What if he didn’t like me?
Then we were placed on the same panel at a convention and Dave and I finally met. It was pretty anticlimactic. During the course of the panel, he mentioned that The Heretic was coming out and that “I put my name on it. I didn’t have to put my name on it. I have that written into the contract. So if I put my name on it, that means I approved of it. Very much.” After the panel, Dave had to leave immediately for home, and I didn’t get a chance to talk to him further.
When the book came out, we had a signing at a bookstore in Raleigh, North Carolina. Before the signing, we finally arranged to have dinner together. I brought my wife Rika; he brought his wife Jo.
It went well.
I had just read his novel Redliners, and we talked about that. I hadn’t known it, but the novel was one of Dave’s particular favorites among his books.
Since we live relatively near one another in North Carolina, I invited Dave to be on the podcast I host, the Baen Free Radio Hour, several times. Often we would get a meal afterward.
I didn’t for a minute believe I knew David Drake. Still don’t. But I was becoming familiar with him. To my surprise, I didn’t find him particularly prickly. What I did find was that he was a reservoir of great stories—and that he was a brilliant raconteur.
There were stories about his early years, his tour in Vietnam, his law school days, his decision to transition to writing full-time, and the early days of Baen Books, where most of Dave’s books have been published. There were stories of his friendship with author Manley Wade Wellman, whose Silver John Appalachian fantasy stories I have admired since I’d read them as a teenager.
Did I know that he was Wellman’s literary executor?
I did not.
Did I know he had written a novel as homage to Wellman and his influence?
Nope. But I really wanted to read it.
So I delved into the Baen archives and pulled Old Nathan from the shelf.
I loved it. It quickly became my favorite Drake book of all.
So when Mark Van Name asked me to write something for this collection, the first thing that popped into my head was to write an Old Nathan homage.
An homage is not a pastiche. Dave had not copied Manly Wade Wellman when writing Old Nathan, and I could not and would not attempt to copy Dave. An author should not presume that he can copy someone who is very good, in any case.
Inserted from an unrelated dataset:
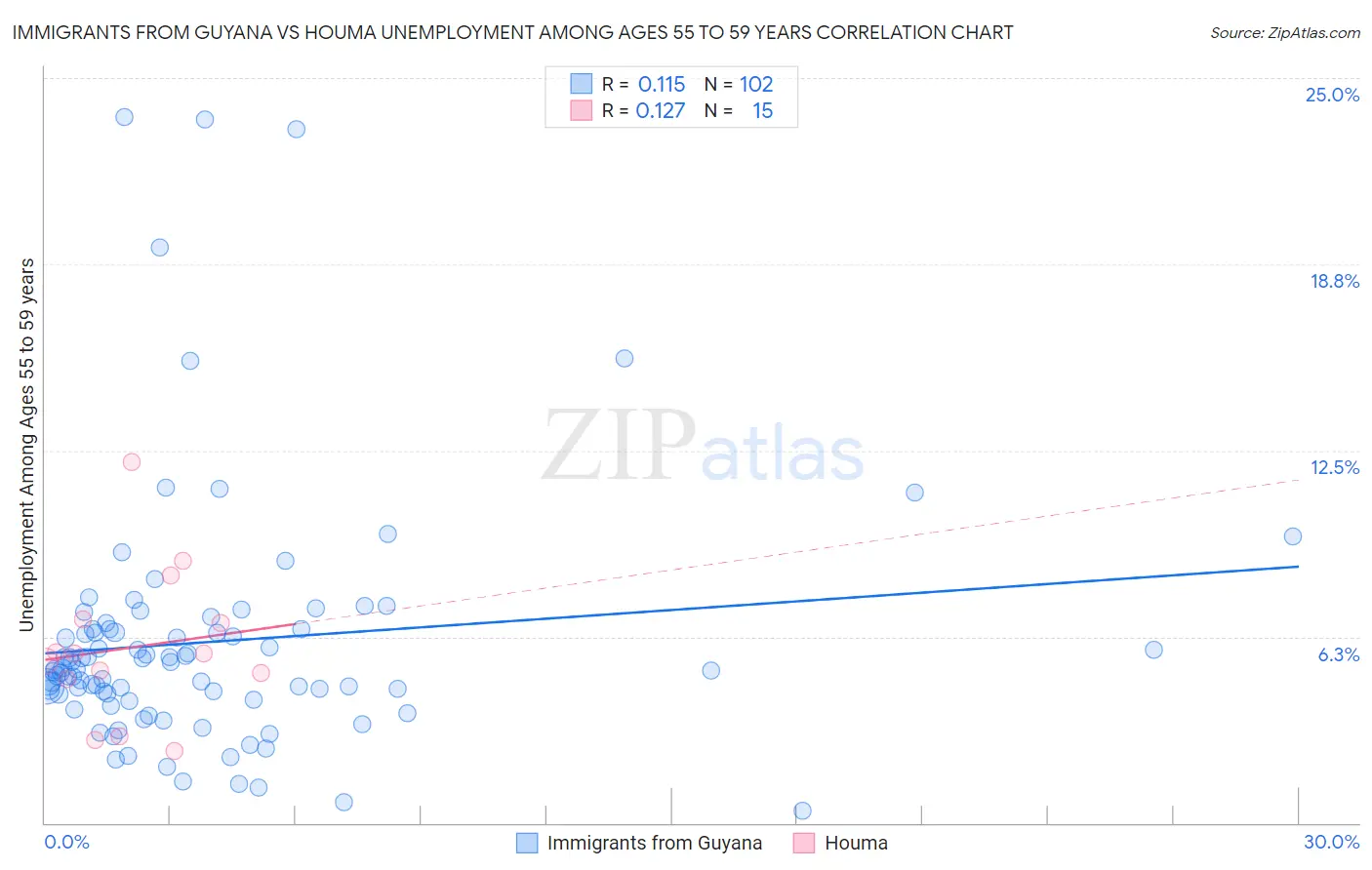 Immigrants from Guyana vs Houma Unemployment Among Ages 55 to 59 years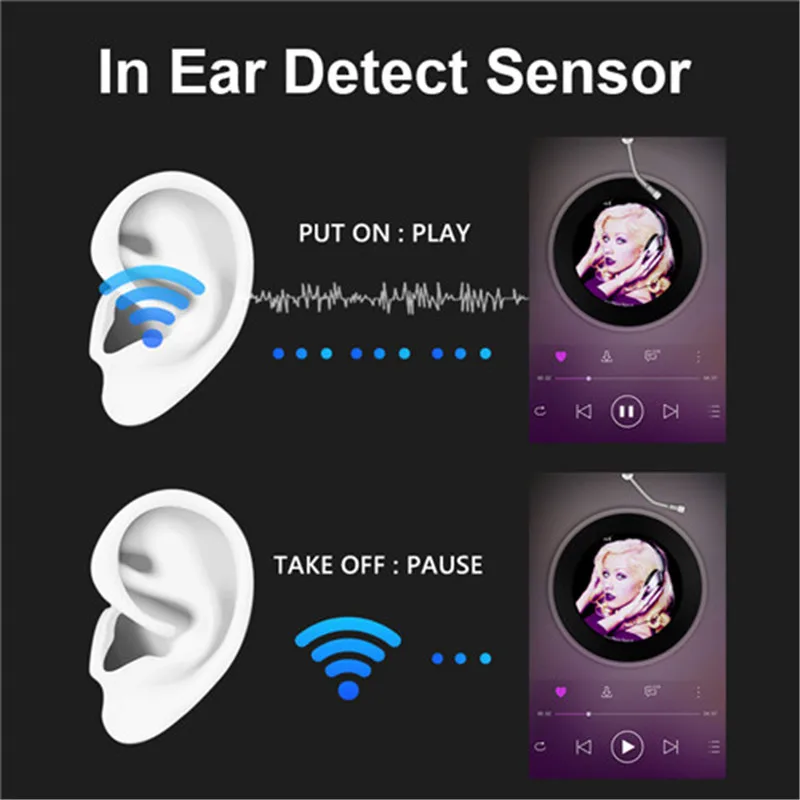 i500 TWS Wireless Earbuds Smart Sensor 1:1 Gen 2 HiFi Sound Bluetooth 5.0 Earphones PK i10 i12tws i30 i60 i200 TWS H1 W1 Chip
So I got to thinking about the characters, and the part of the Appalachians that I know best: the area where I grew up in Northeast Alabama. Ideas started to trickle in. But not yet a story.
There is one thing about Dave’s physical presence that always strikes me when I see him. He is a thin and wiry guy, and his face might as well have belonged to a Roman senator—if faces have past lives. It is aquiline. His stare is eagle-like.
He was profoundly affected by his time in Vietnam, for good and bad—for a while, very bad, as he’s said before—and this has influenced his life philosophy. Dave himself is open and amenable, yet his life philosophy—which Dave has no trouble articulating, let me tell you—is quite austere. When Dave smiles, he smiles warmly enough, but it seems to me a hint of the stoic is always behind it, the indication that things could get worse and probably would at some point.
I knew I didn’t want to write a character that was my conception of David Drake. That way lies madness. Yet, often actors will take an article of their character’s costuming or a prop and build their character and his motivations around that synecdotal symbol.
When I sat down to write my story for this anthology, I did the same with that Drakean smile.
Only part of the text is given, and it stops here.